◆ Work to be completed:
Below are lines of data; restate word for word those running from the line containing "En flygbild av en hamn med båtar och hus." to the line containing "中国超模界四大金刚之一的奚梦瑶,国际超模奚梦瑶33岁", inclusive, and no others.

Caption-style text data:
- - - - -

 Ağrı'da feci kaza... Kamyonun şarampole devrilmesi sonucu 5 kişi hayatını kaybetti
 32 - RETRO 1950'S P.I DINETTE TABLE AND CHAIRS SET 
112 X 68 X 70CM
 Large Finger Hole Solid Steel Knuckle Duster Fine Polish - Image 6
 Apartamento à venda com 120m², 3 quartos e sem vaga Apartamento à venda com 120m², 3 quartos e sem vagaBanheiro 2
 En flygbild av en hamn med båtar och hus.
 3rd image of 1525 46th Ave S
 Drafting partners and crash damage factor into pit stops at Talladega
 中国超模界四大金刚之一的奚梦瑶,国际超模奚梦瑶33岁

- - - - -

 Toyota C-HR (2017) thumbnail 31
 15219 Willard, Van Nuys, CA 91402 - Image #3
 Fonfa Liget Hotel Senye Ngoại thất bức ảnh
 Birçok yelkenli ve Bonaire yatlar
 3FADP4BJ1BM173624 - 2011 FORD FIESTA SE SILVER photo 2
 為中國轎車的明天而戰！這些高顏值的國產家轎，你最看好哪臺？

- - - - -

◆ Result:
 En flygbild av en hamn med båtar och hus.
 3rd image of 1525 46th Ave S
 Drafting partners and crash damage factor into pit stops at Talladega
 中国超模界四大金刚之一的奚梦瑶,国际超模奚梦瑶33岁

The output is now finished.